Collateral damage: Paper — and editorial, and author’s response — retracted in one fell swoop

euro jA journal has retracted the results of a clinical trial comparing strategies for bladder tumors after the authors mischaracterized the way patients were assigned to each procedure.

In addition, the journal European Urology has pulled a string of correspondence between author Harry Herr at Memorial Sloan Kettering Cancer Center and an outside expert, who had questioned aspects of the study totally unrelated to the methodology, such as its generalizability.

Here’s the retraction notice for ” Randomized Trial of Narrow-band Versus White-light Cystoscopy for Restaging (Second-look) Transurethral Resection of Bladder Tumors:” 

The author of this paper has requested that it be retracted because of an incorrect representation of the study methodology. Contrary to the manuscript contents, patients were randomly assigned to narrow band or white light cystoscopy in the order of their attendance, rather than in a permuted block allocation. Patients were individually consented for the clinical procedures, but not to a prospective randomized clinical trial where randomization occurred by permuted block. An appropriate waiver was obtained from the Institutional Review Board to analyze and publish anonymized data from the clinical database.

The 2015 paper has yet to be cited, according to Thomson Reuters Web of Science.

When the paper was published, it was accompanied by an editorial by Peter Black, a researcher listed at the University of British Columbia in Vancouver.

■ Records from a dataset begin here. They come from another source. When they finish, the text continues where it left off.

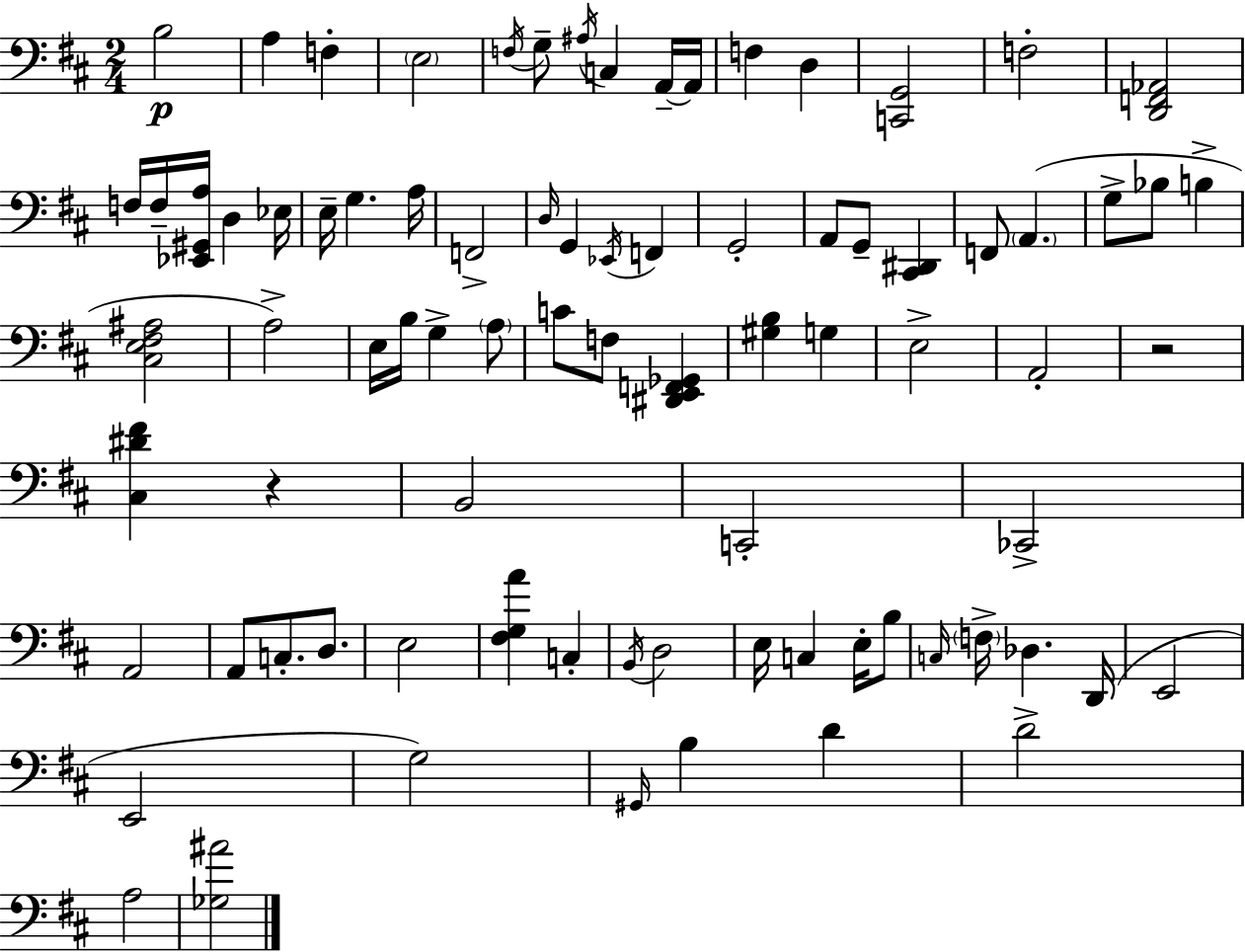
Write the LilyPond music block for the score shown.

{
  \clef bass
  \numericTimeSignature
  \time 2/4
  \key d \major
  b2\p | a4 f4-. | \parenthesize e2 | \acciaccatura { f16 } g8-- \acciaccatura { ais16 } c4 | \break a,16--~~ a,16 f4 d4 | <c, g,>2 | f2-. | <d, f, aes,>2 | \break f16 f16-- <ees, gis, a>16 d4 | ees16 e16-- g4. | a16 f,2-> | \grace { d16 } g,4 \acciaccatura { ees,16 } | \break f,4 g,2-. | a,8 g,8-- | <cis, dis,>4 f,8 \parenthesize a,4.( | g8-> bes8 | \break b4-> <cis e fis ais>2 | a2->) | e16 b16 g4-> | \parenthesize a8 c'8 f8 | \break <dis, e, f, ges,>4 <gis b>4 | g4 e2-> | a,2-. | r2 | \break <cis dis' fis'>4 | r4 b,2 | c,2-. | ces,2-> | \break a,2 | a,8 c8.-. | d8. e2 | <fis g a'>4 | \break c4-. \acciaccatura { b,16 } d2 | e16 c4 | e16-. b8 \grace { c16 } \parenthesize f16-> des4. | d,16( e,2 | \break e,2 | g2) | \grace { gis,16 } b4 | d'4 d'2-> | \break a2 | <ges ais'>2 | \bar "|."
}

The editorial (“Narrowing the Cystoscopy Gap”) didn’t appear to take issue with the study methodology — noting “randomization was perfect” — but instead questioned the extent of the study’s generalizability.

Black also criticized the trial for being underpowered, something the original paper also pointed out by failing to achieve a statistically meaningful result.

In the same issue, the journal published Herr’s response to Black’s editorial, entitled “A Better Transurethral Resection—Proved or Not!.”

Since the journal retracted the original paper, it decided to pull the correspondence related to it, as well. Here’s the retraction notice for Black’s editorial:

This editorial has been retracted at the request of the Editor-in-Chief and the Author following the retraction of the original article (Eur Urol 67 (2015) 605, http://dx.doi.org/10.1016/j.eururo.2014.06.049) to which it refers. The author of this editorial was not involved in the original study referred to.

And here’s the retraction notice for Herr’s response:

This reply has been retracted at the request of the Editor-in-Chief and the Author following the retraction of the original article (Eur Urol 67 (2015) 605, http://dx.doi.org/10.1016/j.eururo.2014.06.049).

When we emailed Black about why his editorial was retracted, he said it was standard procedure:

My editorial comment was retracted simply because an editorial comment linked to a retracted article is generally also retracted. It has nothing to do with the editorial itself, but rather the retracted manuscript.

We also emailed Herr and the journal but haven’t heard back.

Hat tip: Tansu Kucukoncu

Like Retraction Watch? Consider making a tax-deductible contribution to support our growth. You can also follow us on Twitter, like us on Facebook, add us to your RSS reader, sign up on our homepage for an email every time there’s a new post, or subscribe to our new daily digest. Click here to review our Comments Policy. For a sneak peek at what we’re working on, click here.

6 thoughts on “Collateral damage: Paper — and editorial, and author’s response — retracted in one fell swoop”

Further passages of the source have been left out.